Ma siccome il fascino del genio in erba è evidentemente una miccia irresistibile per i media, a Max si è ora aggiunto Dylan (il cognome non è noto, a protezione della sua privacy, per quanto si conosca la mamma, la celebrity stylist Samantha McMillen), undici anni, fondatore del Dylan’s T-shirt Club, nome che raggruppa le t-shirt dipinte a mano e regalate a una fan base di sostenitori che conta nomi come Pierpaolo Piccioli, Pharrell Williams ed Elle Fanning, cioè i clienti di mamma. Il suo profilo ricorda che “Dylan ha disegnato la sua prima t shirt nel 2019”, in pratica quando gli altri bambini imparano a tenere una matita in mano. L’operazione al momento è senza fini di lucro, salvo sporadiche collaborazioni come quella con il negozio Woven di Durham, UK. In compenso, in tutti questi casi, le esposizioni sui social sono massicce – Dylan è fotografato fra pile di t shirt e dice di sognare collaborazioni con Supreme, Lego (è pur sempre un undicenne) e Billie Eilish – e dunque la narrazione del “gioco spontaneo” assume un tono stridente. 


I disegni delle t-shirt, e le frasi con calligrafia un po’ incerta, sono buffi, naif, divertenti e teneri per la creatività libera da schemi come i disegni di tanti altri bambini: una tendenza social molto forte punta infatti da tempo sulla traduzione (fai da te o commerciale) degli “scarabocchi” infantili di mostri e animali in morbidi pupazzi. L’enfant prodige suscita curiosità e ammirazione (i talenti fuori scala sono sempre esistiti in campo artistico e scientifico) ma qui il gioco cede il passo a una copertura mediatica con un retrogusto amaro: malgrado le rassicurazioni delle mamme su come i loro pargoli siano bambini normali che, in giornate infinite o con l’ausilio di staff invisibili, trovano il tempo anche per giocare con gli amici, studiare, praticare tennis e nuoto, leggere fumetti, correre in giardino, addirittura, chissà! sbucciandosi le ginocchia, l’impressione è quella della costruzione di un business futuro o di un contenuto social da monetizzare: Max Alexander nel front row di una sfilata? Perché no? del resto è una piccola celebrity. 
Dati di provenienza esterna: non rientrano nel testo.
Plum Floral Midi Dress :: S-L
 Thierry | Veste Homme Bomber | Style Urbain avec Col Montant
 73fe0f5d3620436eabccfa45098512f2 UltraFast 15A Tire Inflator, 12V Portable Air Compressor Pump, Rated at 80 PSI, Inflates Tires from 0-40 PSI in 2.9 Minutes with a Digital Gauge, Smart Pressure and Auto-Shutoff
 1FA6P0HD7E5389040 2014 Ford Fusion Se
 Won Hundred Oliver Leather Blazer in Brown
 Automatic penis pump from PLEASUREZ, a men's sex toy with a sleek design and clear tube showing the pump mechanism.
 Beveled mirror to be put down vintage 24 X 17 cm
Il cucito, come il lavoro a maglia e il ricamo, sono attività manuali formative e divertenti per bambini e bambine, e solo la loro equiparazione a lavori domestici li ha relegati per tanti anni tra le attività sorpassate quando in realtà prendere in mano un ago è un passatempo che si può trasformare in un’utile abilità, e non è un caso che in molte città comincino a proliferare i laboratori e gli atelier per “piccoli stilisti”.  Peccato soltanto per l’etichetta, “stilisti”, che  fa pensare a dinamiche di lavoro ed esula dalla dimensione del gioco per solleticare l'ambizione a una carriera di successo. Nelle interviste delle mamme di Max e Dylan si sprecano parole come talento innato, abilità fuori dal comune, capacità stupefacenti e come ovvio inesistenti: gli abiti di Max Alexander sono sinceramente e oggettivamente brutti, ma non importa, anzi è giusto così, e il gioco fuori dai social, senza aspettative, è più divertente.